This means that such an embedded system must include integrated web connectivity so that it can respond to browser requests. Such Internet functionality can be acquired in a variety of forms from a variety of sources, both open-source and commercial. These generally fall into one of two categories: small, simple web servers and application servers having greater functionality.
Because a more specific distinction between these two types of server is rarely clear, it can be tempting to go with a free or cheap web server in an attempt to save money. But there is a tradeoff between the amount of server functionality and the amount of further development required to implement the complete web capability for a specific system. Money saved up front can easily be overwhelmed by coding time and product release delays, turning what appeared initially as savings into higher total cost of ownership (TCO).
Alternatively, one might be concerned that an application server is too large to be embedded in a device with limited resources, making a web server the only viable choice. The server footprint, however, is not a reliable distinguishing characteristic; application servers in particular can be large or small.
To be clear, the differences between a web server and an application server have blurred over time, so let's look at the classic distinction and the implications of each, both for operation and for development, before addressing points of overlap.

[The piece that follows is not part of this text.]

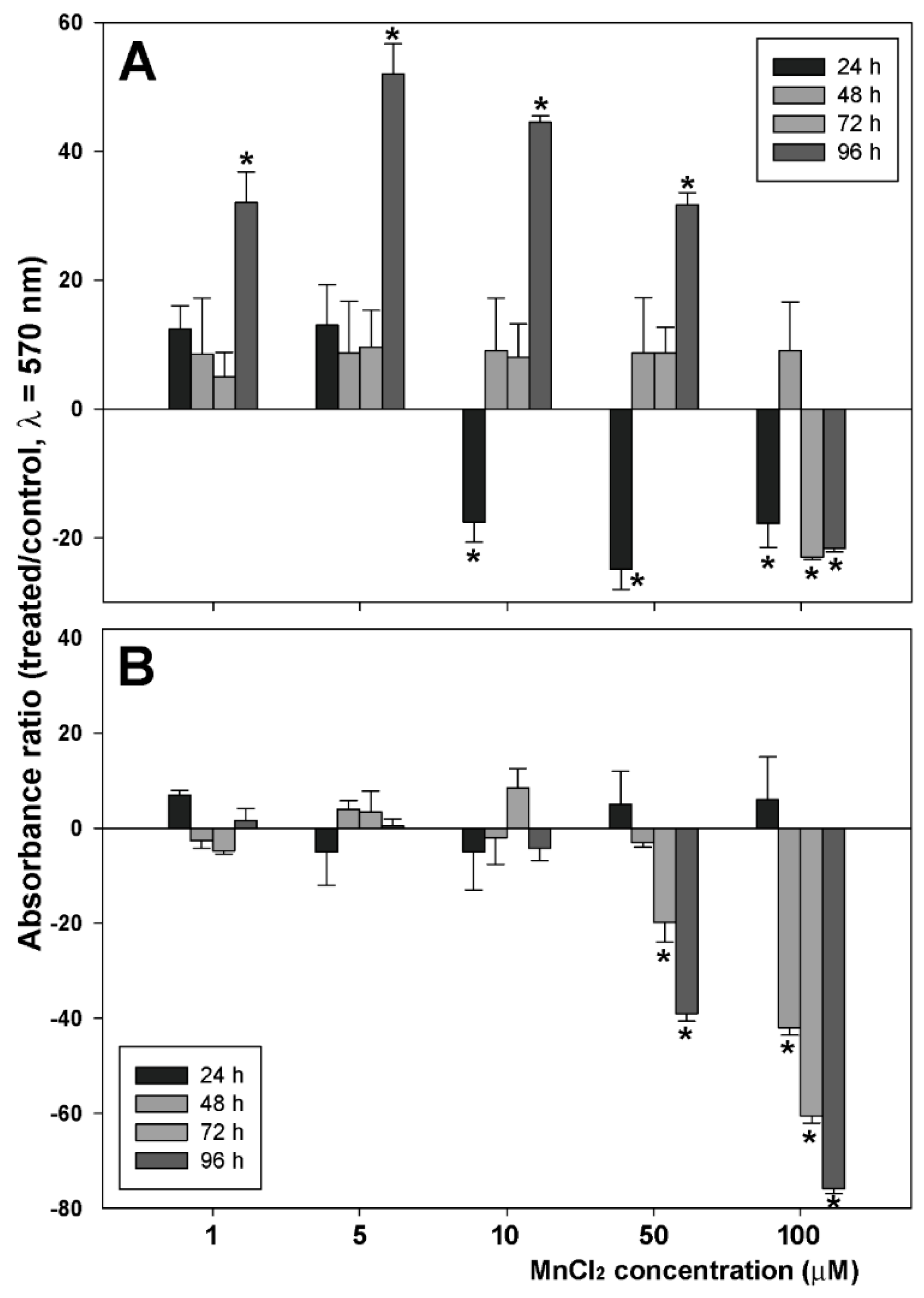 Molecules 24 01205 g001 550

A web server has one role: to implement the HTTP protocol. This protocol allows a browser to issue a request to which a server will respond. Today's web is highly sophisticated, featuring elaborate graphics and streaming media, yet surprisingly, HTTP is a very simple protocol. All it does is transport requests and responses. Because HTTP is a stateless protocol, there is no intelligence in the operation: there is no decision-making or context, and there are no scripts or code to execute. There is also no concept of dynamic page creation; if a page is going to be created dynamically, some other program has to do that work and put the result where the web server expects it to be.
HTTP understands only nine operations (typically called "methods" or "verbs"), of which the most important are GET and POST. GET is used to download a "resource" (typically a file) located at a specified location (the "uniform resource locator", or URL). The response to a GET request contains the resource, accompanied by HTTP header information (Figure 1). When someone clicks a link in a web browser to go to a new page, they are sending a GET request to the server asking for the HTML page located at the URL they clicked.
POST is used to submit data from the web browser back to the server. This is the request that is generated when someone hits the "Submit" button on a filled-out form. A basic web server cannot process a POST request, since it will have no idea what to do with the data in the request. It must rely on some other program or utility to process the data.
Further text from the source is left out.